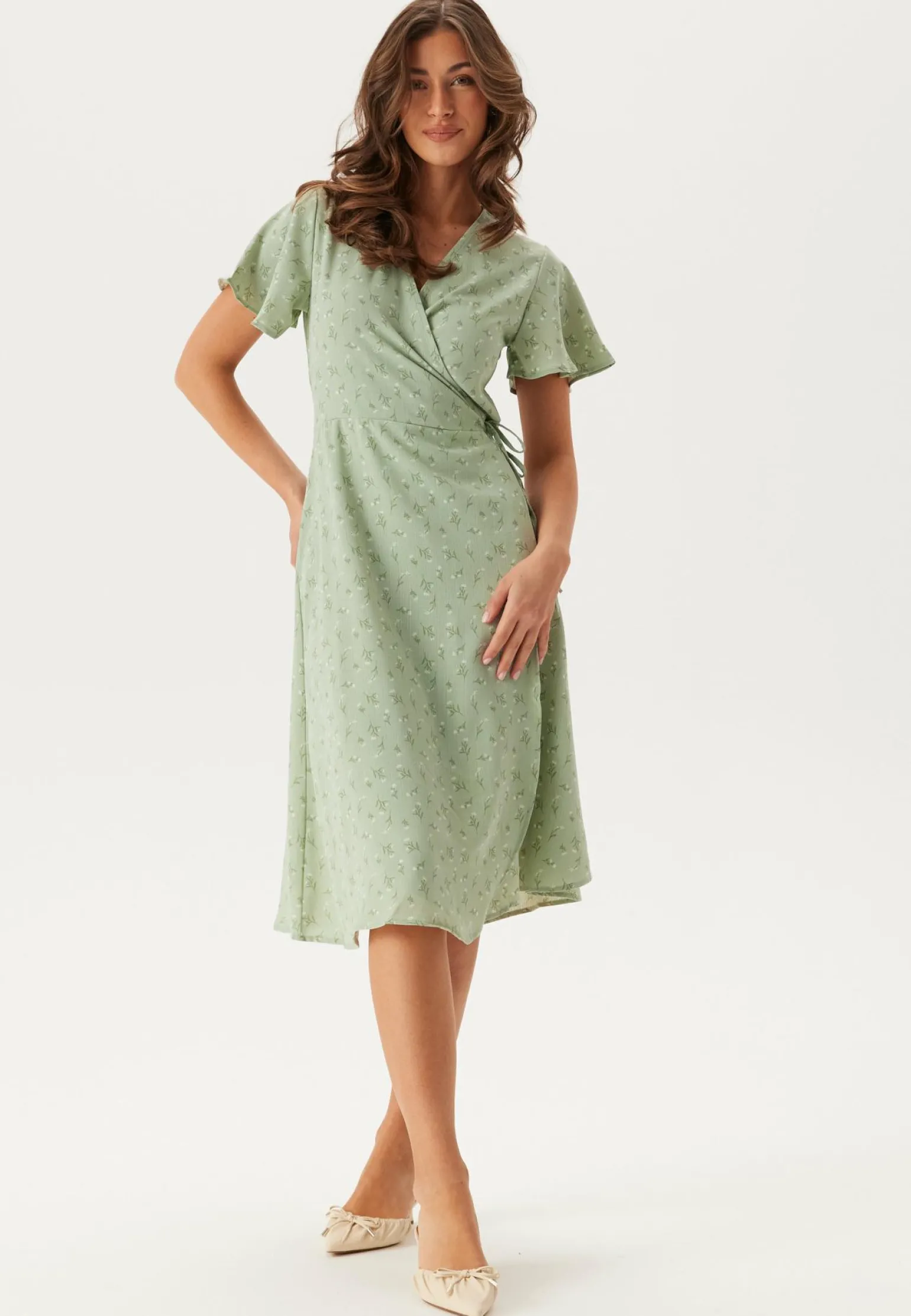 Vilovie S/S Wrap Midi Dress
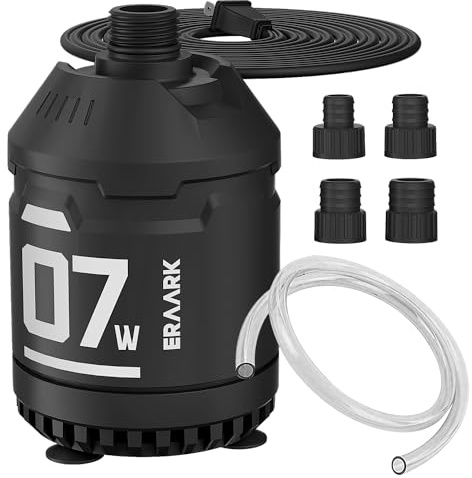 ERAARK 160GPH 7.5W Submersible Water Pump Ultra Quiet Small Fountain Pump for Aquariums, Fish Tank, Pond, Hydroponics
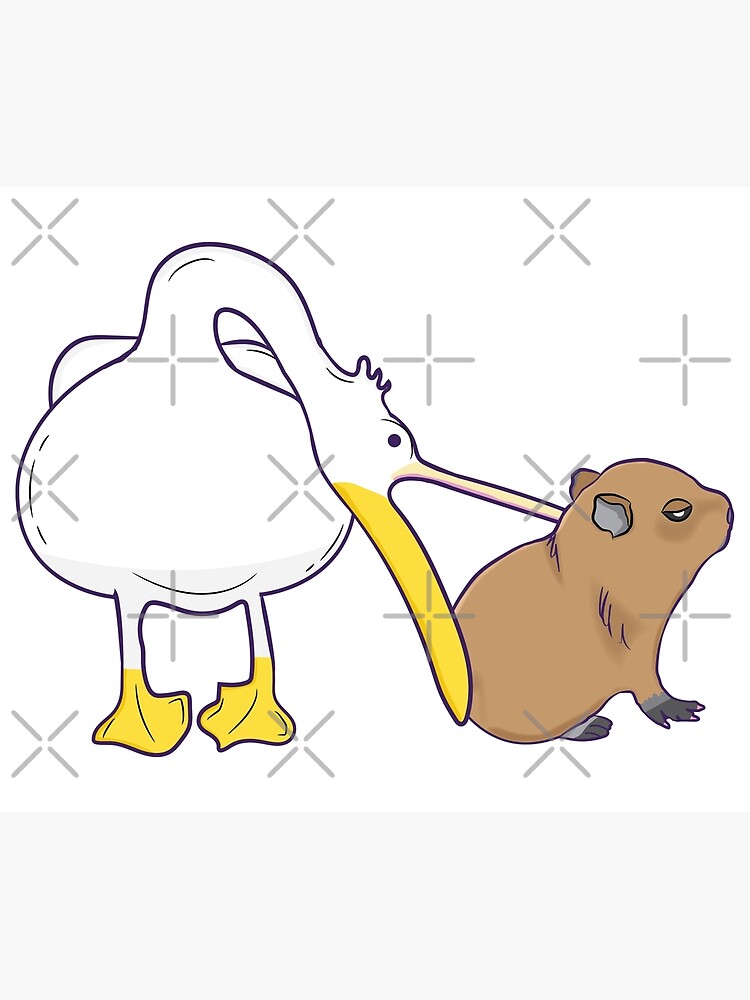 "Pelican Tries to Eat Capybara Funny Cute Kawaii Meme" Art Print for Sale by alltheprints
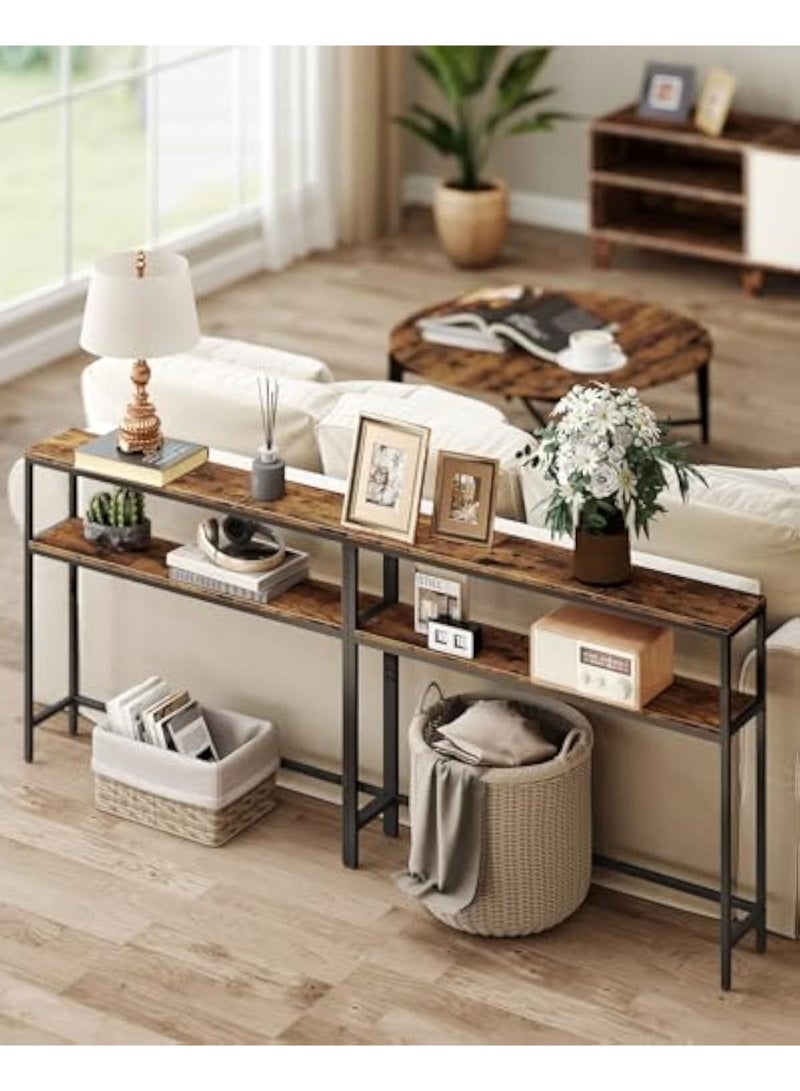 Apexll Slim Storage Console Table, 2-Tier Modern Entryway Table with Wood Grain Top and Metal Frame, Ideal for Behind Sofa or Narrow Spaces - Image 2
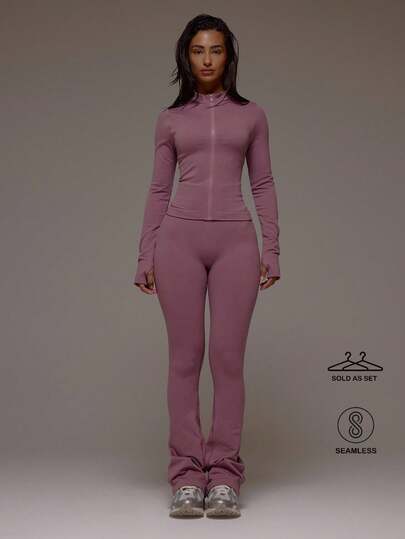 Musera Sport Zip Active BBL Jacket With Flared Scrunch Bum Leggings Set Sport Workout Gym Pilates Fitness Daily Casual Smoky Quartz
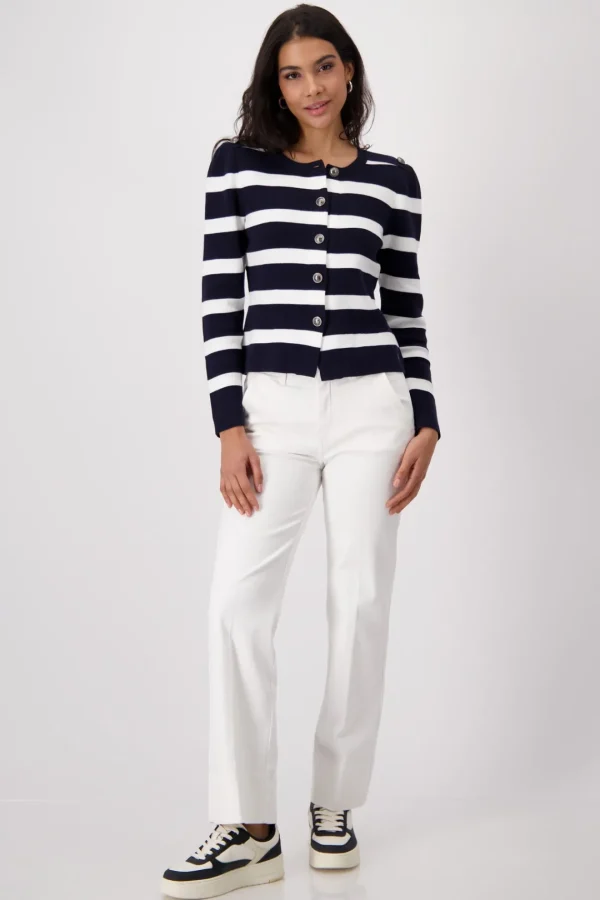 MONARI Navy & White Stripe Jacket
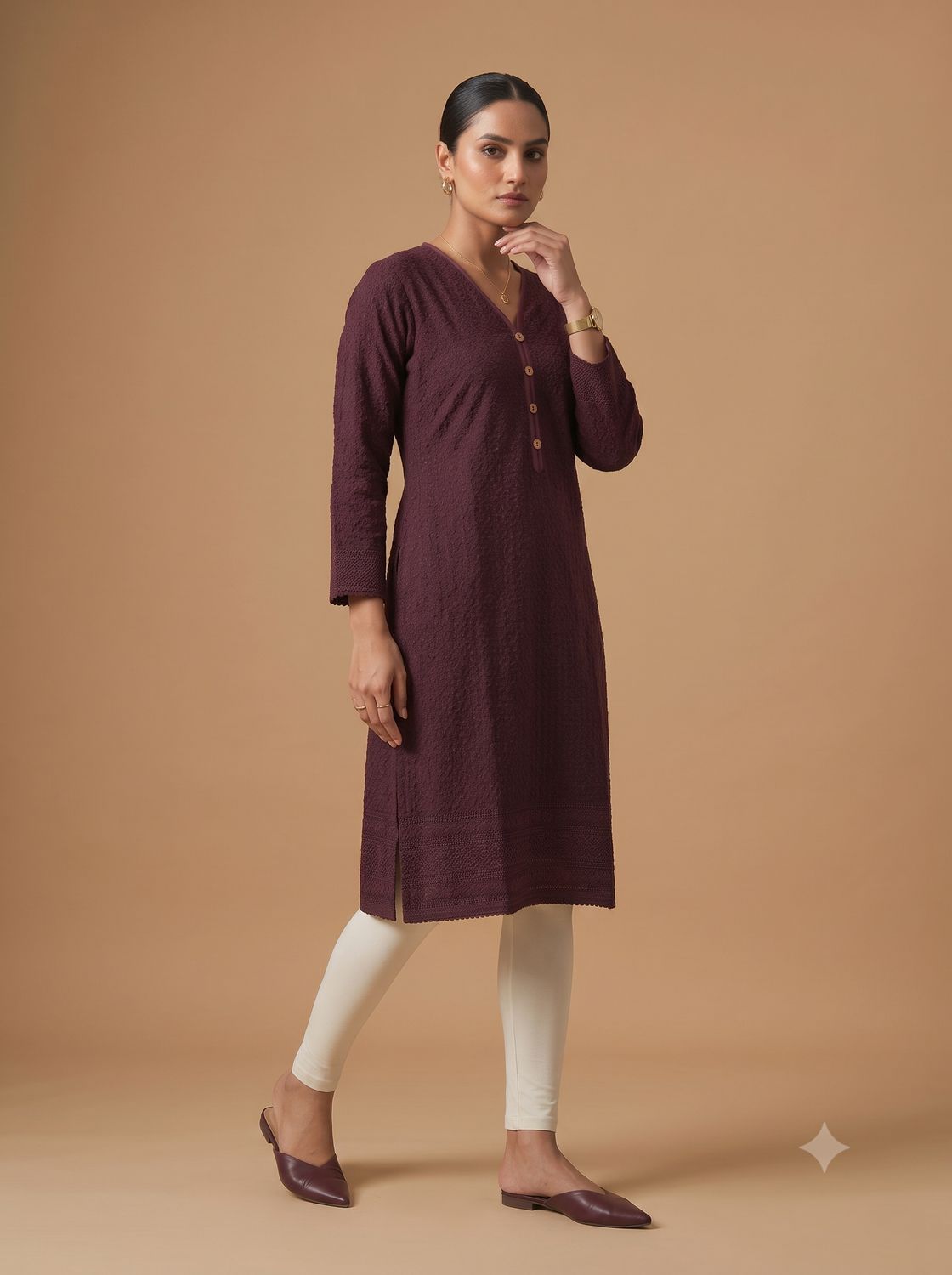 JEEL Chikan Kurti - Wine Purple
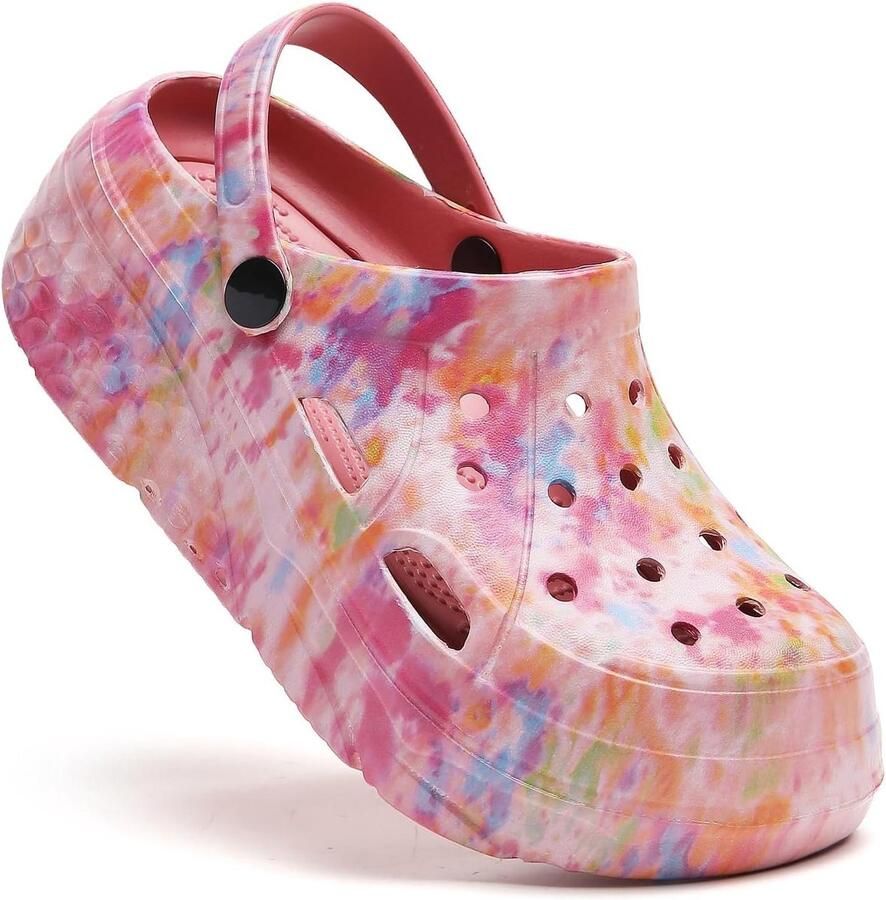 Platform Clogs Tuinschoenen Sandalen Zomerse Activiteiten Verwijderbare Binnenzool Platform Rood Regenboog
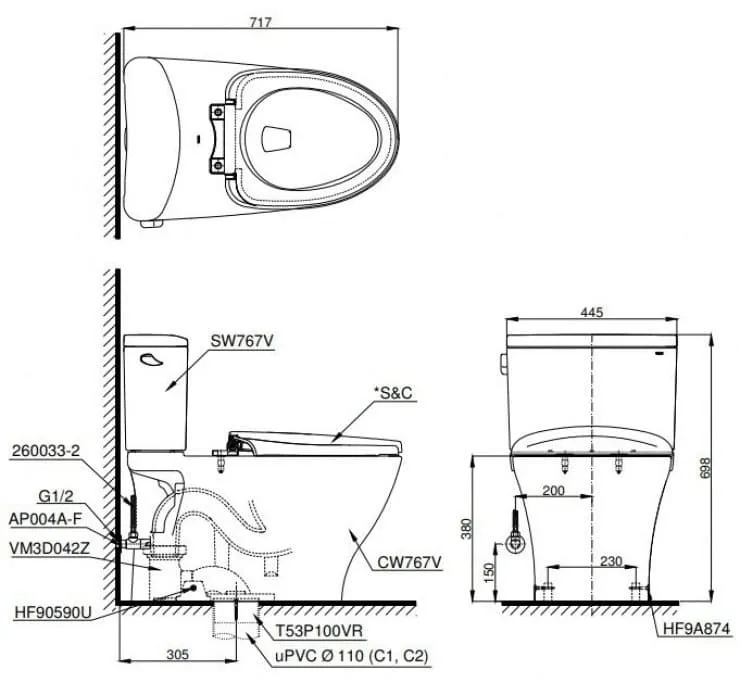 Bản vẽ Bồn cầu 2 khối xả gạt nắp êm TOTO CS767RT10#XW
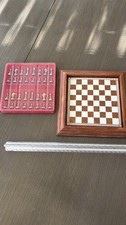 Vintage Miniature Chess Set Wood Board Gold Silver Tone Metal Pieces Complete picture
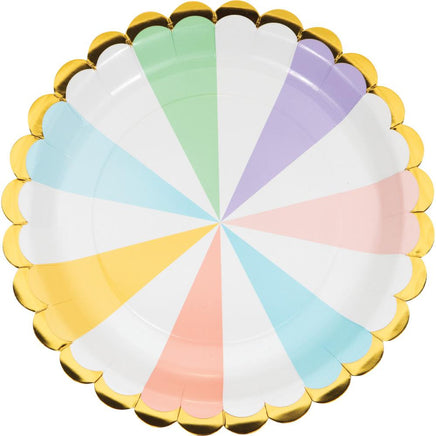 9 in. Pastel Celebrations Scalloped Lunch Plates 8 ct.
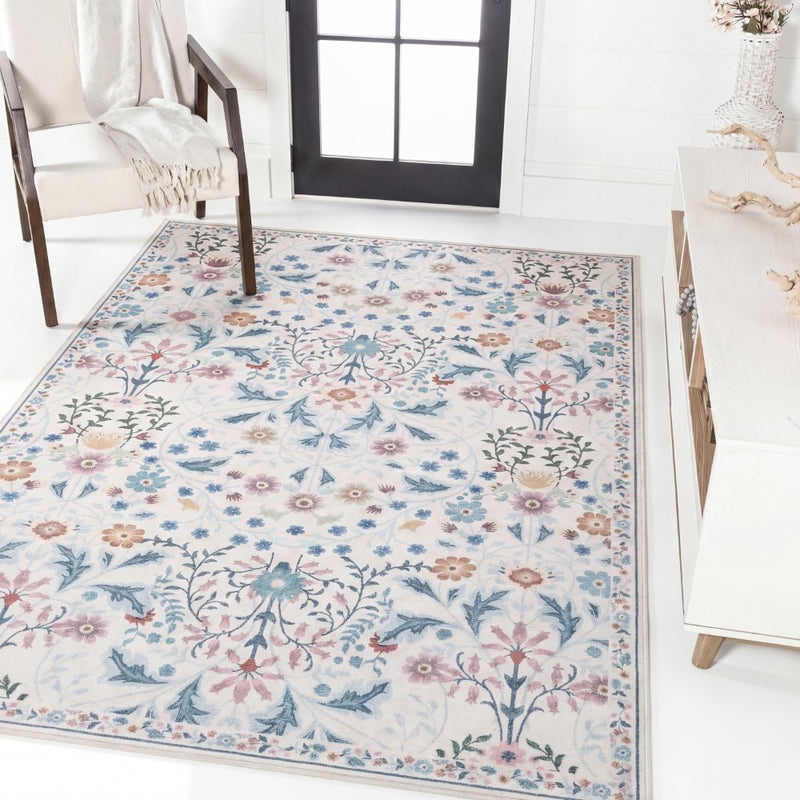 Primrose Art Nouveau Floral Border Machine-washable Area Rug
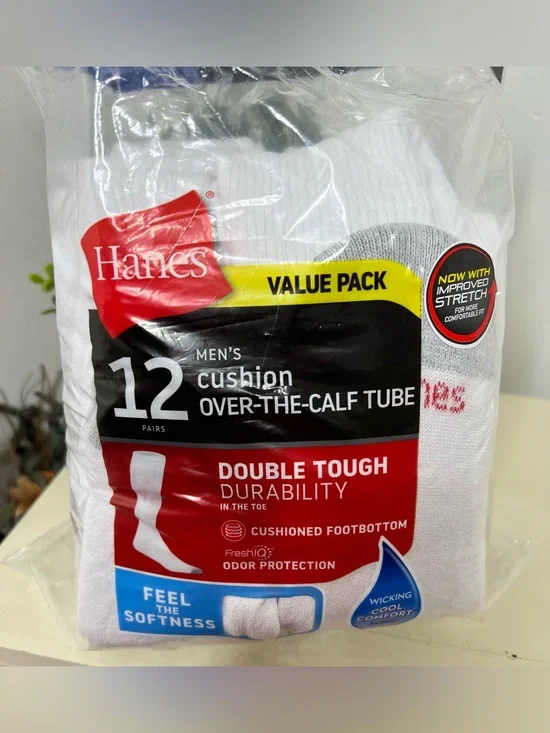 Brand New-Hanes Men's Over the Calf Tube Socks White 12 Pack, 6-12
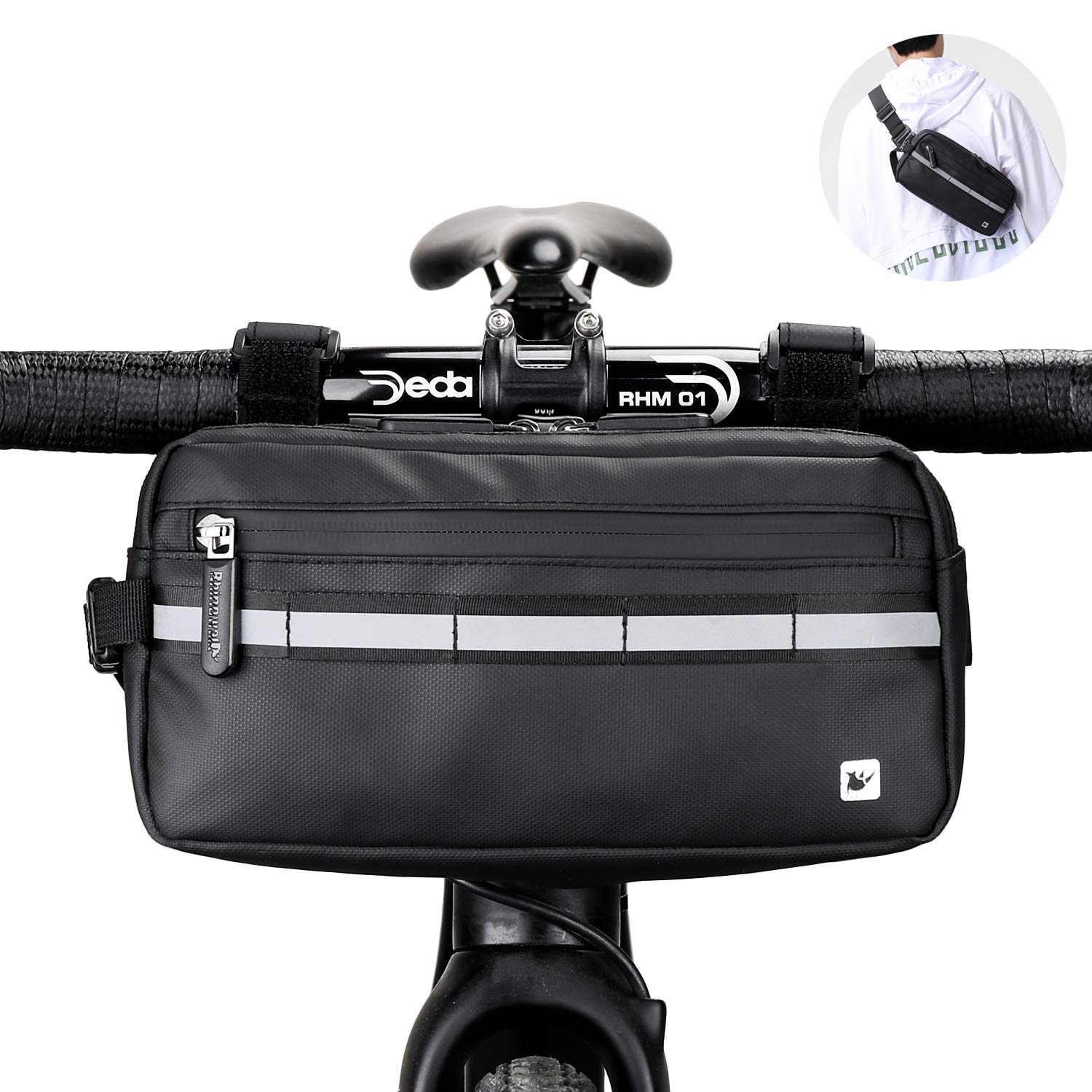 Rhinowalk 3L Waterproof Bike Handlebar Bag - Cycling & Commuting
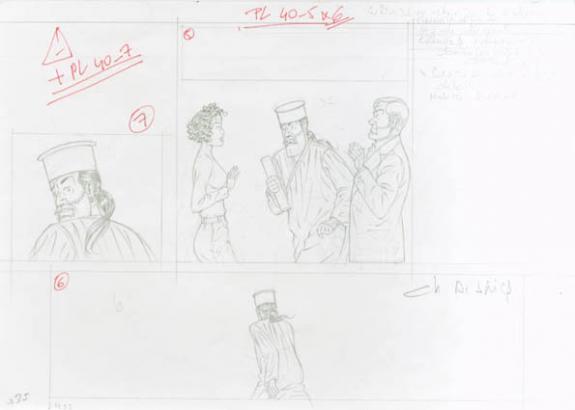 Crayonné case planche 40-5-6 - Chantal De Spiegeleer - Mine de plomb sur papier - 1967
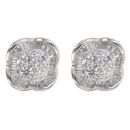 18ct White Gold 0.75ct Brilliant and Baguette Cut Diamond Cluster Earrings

________________________

# [ABOUT THIS EXERCISE]
What is needed is an exact restatement of every line from the one containing "Vintage Miniature Chess" through the last line of the records, pictures left out.

# [RESPONSE TO THIS TASK]
 Vintage Miniature Chess Set Wood Board Gold Silver Tone Metal Pieces Complete picture
 9 in. Pastel Celebrations Scalloped Lunch Plates 8 ct.
 Primrose Art Nouveau Floral Border Machine-washable Area Rug
 Brand New-Hanes Men's Over the Calf Tube Socks White 12 Pack, 6-12
 Rhinowalk 3L Waterproof Bike Handlebar Bag - Cycling & Commuting
 Crayonné case planche 40-5-6 - Chantal De Spiegeleer - Mine de plomb sur papier - 1967
 18ct White Gold 0.75ct Brilliant and Baguette Cut Diamond Cluster Earrings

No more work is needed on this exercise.